A process can be thought of as a program whose execution has started and not yet terminated.

A process can be in three states:

      1. Running: The process is using a processor to execute instructions.

      2. Ready: The process is executable, but other processes are executing and all processors are currently in use.

      3. Blocked: The process is waiting for an event to occur.

Each process uses a Process Control Block (PCB) data structure to store complete information about the process. PCB contains the following information:

      1. Process name and id, processor state (program counter, register contents, interrupt masks, etc.), process state, priority, privileges, virtual memory address translation maps, information about other resources owned by the process, etc.

Concurrent Processes

Two processes are concurrent if their execution can overlap in time.

      1. In multiprocessor systems, concurrent processes can use different CPUs at the same time.

      2. In single processing systems, concurrent processing can be thought of as one process using the CPU while another process uses system I/O, etc. If a CPU interleaves the execution of several processes, logical concurrency is obtained.

      3. Processes are serial if the execution of one must be complete before the execution of the other can start.

Concurrent processes interact through the following mechanisms:

      1. Shared variables.

      2. Message passing.

Threads

Threads are mini processes within a process and therefore share the address space with the processes.

Every process has at least one thread.

A thread executes a portion of the program and cooperates with other threads concurrently executing within the same process and address space.

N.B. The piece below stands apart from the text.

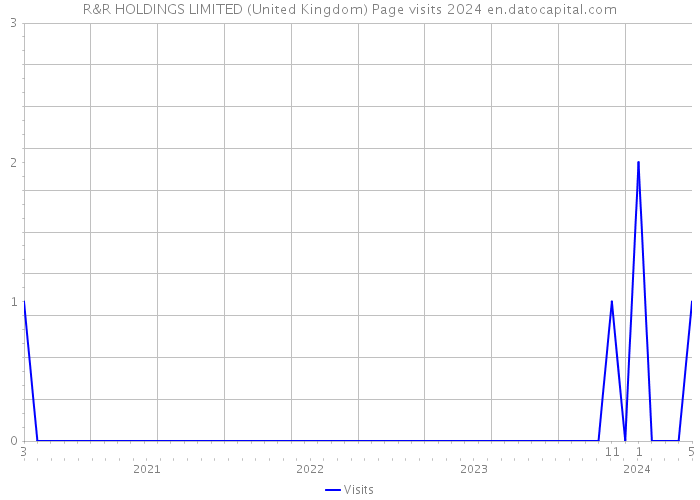 R&R HOLDINGS LIMITED (United Kingdom) Page visits 2024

Because threads share the same address space, it is more efficient to perform a context switch between two threads of the same process than it is to perform a context switch between two separate processes.

Each thread has it’s own program counter and control block.

Critical Sections

In multiprocessing systems, processes or threads may compete with each other for system resources that can only be used exclusively.

      1. CPU is a good example of this type of resource as only one process or thread can execute instructions on a single CPU at a time.

Processes may also cooperate with each other by using shared memory or message passing.

For both of these cases, mutual exclusion is necessary to insure that only one process or thread at one time holds a resource or modify shared memory.

A critical section is a code segment in a process in which some shared resource is accessed.

Mutual Exclusion

A solution to the mutual exclusion problem must satisfy the following requirements:

      1. Only one process can execute its critical section at any one time.

      2. When no process is executing in its critical section, any process that requests entry to its critical section must be permitted to enter without delay.

      3. When two or more processes compete to enter their respective critical sections, the selection cannot be postponed indefinitely (Deadlock).

      4. No process can prevent any other process from entering its critical section indefinitely (Starvation).

Some Mechanisms for Insuring Mutual Exclusion

Polling or Busy waiting

Disabling interrupts

Semaphores

Semaphores

A semaphore is an integer variable S and an associated group of waiting processes for which only two operations may be performed:

Wait state P(S): if S1 then S := S – 1

else the executing process waiting for the semaphore S joins the wait queue for S and forfeits the resource;

endif

Signal state V(S): if wait queue for S is not empty then remove a process from the queue and give it the resource

else S := S + 1

endif




Semaphores (cont.)

A semaphore can be used for synchronization and mutual exclusion.

      1. Synchronization: Coordination of various tasks or processes.

      2. Mutual exclusion: Protection of one or more resources or implementation of critical sections among several competing processes sharing the critical section.

There are three types of semaphores:

      1. Binary semaphores

      2. Mutual exclusion semaphores (mutex)

      3. Counting semaphores

Binary Semaphores




      1. Simplest form of the semaphore.

      2. Primarily used for synchronization. Can also be used for mutual exclusion.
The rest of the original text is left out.